Pierre de Coubertin revived the ancient Greek tradition of games at the end of the 19th century, with the IOC created exactly 130 years ago.
But the arch-conservative has been given a low public profile in the build up to the Paris 2024 Olympics, which begin next month, leading to complaints from de Coubertin’s family.
“The Olympic Games and the sports system he created have passed the test of time,” IOC chief Thomas Bach told an audience at the Sorbonne University in Paris on Sunday.
“That’s why France can be proud of de Coubertin and his legacy,” Bach added.
Bach was attending a homage and concert for de Coubertin to mark 130 years since a speech at the university which marked the creation of the IOC.
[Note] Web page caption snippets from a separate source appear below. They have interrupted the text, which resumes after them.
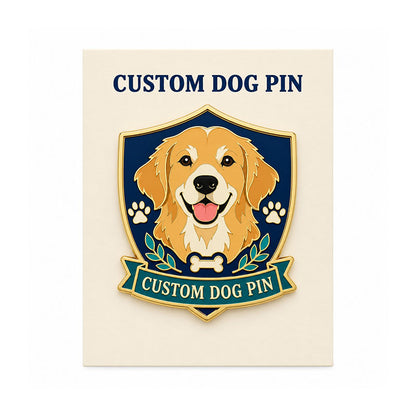 Golden retriever enamel dog pin mounted on a cream backing card with navy lettering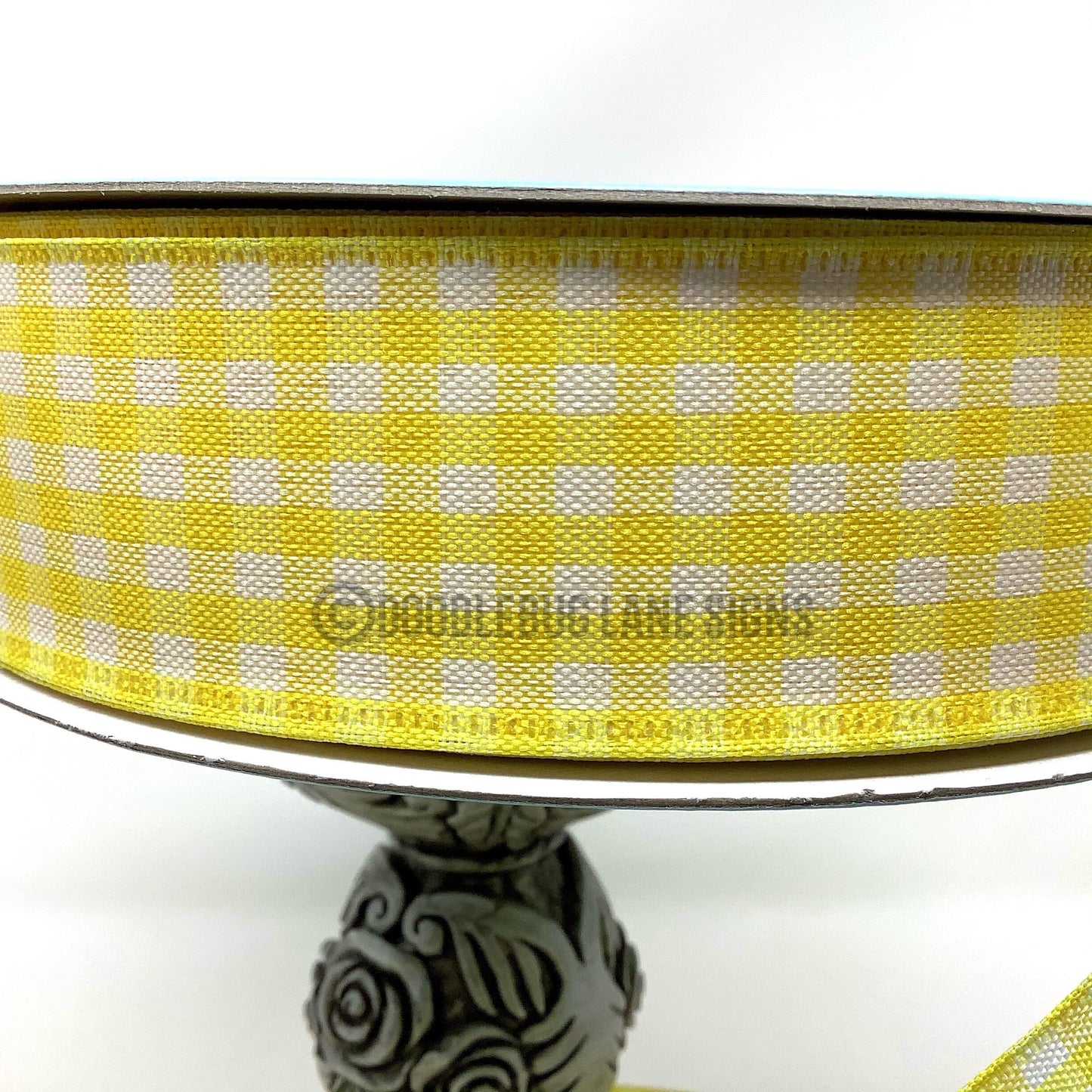 Wired Ribbon - Farmhouse Ribbon - Rustic Ribbon - Yellow And White Gingham - 1.5” x 5 yards - All Occasion Ribbon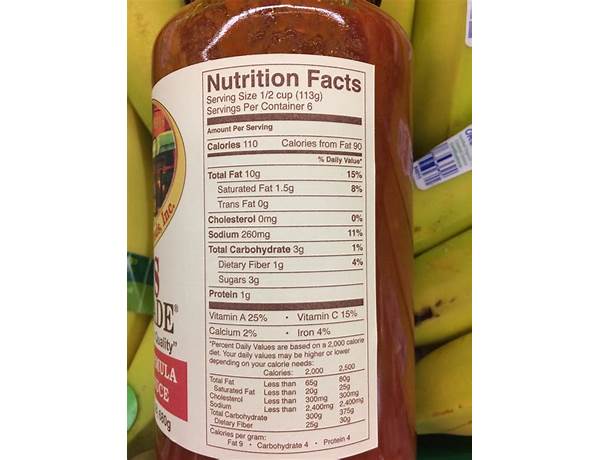 Marinara sauce nutrition facts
Neither France’s sports minister nor the mayor of Paris attended.
Lauded for his devotion to using sport to promote peace and international cooperation, the prolific writer and intellectual is viewed by critics as sexist, a class snob, and with racist views about European civilization.
But Bach urged observers to judge de Coubertin by the values of his era, calling him a “peace activist” who had defied the rising tide of nationalism in Europe in his era.
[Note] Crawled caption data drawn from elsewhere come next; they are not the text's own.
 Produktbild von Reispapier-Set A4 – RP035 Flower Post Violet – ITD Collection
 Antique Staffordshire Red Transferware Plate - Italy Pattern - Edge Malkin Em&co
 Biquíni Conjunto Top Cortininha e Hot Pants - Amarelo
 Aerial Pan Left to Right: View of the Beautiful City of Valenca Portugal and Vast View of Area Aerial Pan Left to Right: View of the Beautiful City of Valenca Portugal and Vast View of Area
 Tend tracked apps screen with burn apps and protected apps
“Every human has the right to be judged only and uniquely in the context of his time,” Bach said. “I would like our visionary founder to be judged in the same way.”
De Coubertin is very rarely name-checked by Paris 2024 organizers, nor does he feature prominently in any of the official narrative around the Games, which begin on July 26.
“Paris 2024 has not done much around Pierre de Coubertin, either to show appreciation or raise awareness,” his great-great niece, Diane de Navacelle, speaking on behalf of the family, told AFP in a recent interview.
– Gratitude –
Tony Estanguet, chief organizer of the Paris Games, hailed de Coubertin’s “audacity and courage” in reviving the Games in his speech at the Sorbonne, where Princess Charlene of Monaco was also among the audience.
“In France, more than anywhere, we know what we owe to Pierre de Coubertin. We are proud of it, and we won’t forget it,” he pledged.
He added that “society has changed” since the first Olympics organized by de Coubertin in the 1890s, adding that “the path of progress and equality is a long one which we must continue to advance along.”
De Coubertin’s decision to heap praise on the infamous Nazi-organized games of 1936, which were instrumentalized by Adolf Hitler, is also noted by contemporary critics.
But he did not attend in person and was no longer head of the IOC at the time, his family contends.
“At a time marked by nationalism and tensions, he was convinced that sport could bring people together and encourage cooperation,” Alexandra de Navacelle de Coubertin, head of the family association, said on Sunday.
IOC chief Bach also unveiled an Olympic sculpture in Paris earlier Sunday, a larger-than-life bronze of a black woman surrounded by chairs from six continents, which he called a tribute to “the beauty of the diversity of humankind.”
LA-based artist Alison Saar said she had chosen a woman of African origin “to break with the standard white male that most monuments and sculptures are.”
Bach refused to comment on whether the sculpture sent a political message just weeks before snap parliamentary elections, during which France’s anti-immigration far-right party National Rally is hoping to win a majority.
“I am not a French citizen. I don’t have a vote,” he said, refusing to take further questions.